Technicolor and Agilent Technologies Volatility Contrast

   Predicted Return Density   
       Returns  

Pair Trading with Technicolor and Agilent Technologies

The main advantage of trading using opposite Technicolor and Agilent Technologies positions is that it hedges away some unsystematic risk. Because of two separate transactions, even if Technicolor position performs unexpectedly, Agilent Technologies can make up some of the losses. Pair trading also minimizes risk from directional movements in the market.
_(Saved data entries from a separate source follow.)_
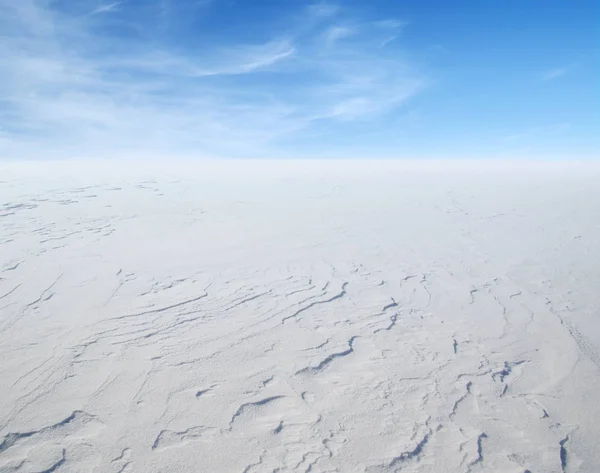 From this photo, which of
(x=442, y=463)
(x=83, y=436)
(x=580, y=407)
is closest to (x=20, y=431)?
(x=83, y=436)

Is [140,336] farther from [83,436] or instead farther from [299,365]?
[299,365]

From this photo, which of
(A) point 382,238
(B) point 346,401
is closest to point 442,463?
(B) point 346,401

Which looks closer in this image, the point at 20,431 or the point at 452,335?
the point at 20,431

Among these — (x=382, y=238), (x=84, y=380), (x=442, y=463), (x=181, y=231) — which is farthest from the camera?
(x=181, y=231)

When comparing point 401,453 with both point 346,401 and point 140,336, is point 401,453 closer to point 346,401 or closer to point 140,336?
point 346,401

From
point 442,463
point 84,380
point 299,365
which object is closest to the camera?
point 442,463

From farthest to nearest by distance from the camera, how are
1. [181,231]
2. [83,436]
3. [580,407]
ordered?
[181,231] < [580,407] < [83,436]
For example, if an entire industry or sector drops because of unexpected headlines, the short position in Agilent Technologies will offset losses from the drop in Agilent Technologies' long position.
The idea behind Technicolor and Agilent Technologies pairs trading is to make the combined position market-neutral, meaning the overall market's direction will not affect its win or loss (or potential downside or upside). This can be achieved by designing a pairs trade with two highly correlated stocks or equities that operate in a similar space or sector, making it possible to obtain profits through simple and relatively low-risk investment.
Check out your portfolio center.
Note that this page's information should be used as a complementary analysis to find the right mix of equity instruments to add to your existing portfolios or create a brand new portfolio. You can also try the Companies Directory module to evaluate performance of over 100,000 Stocks, Funds, and ETFs against different fundamentals.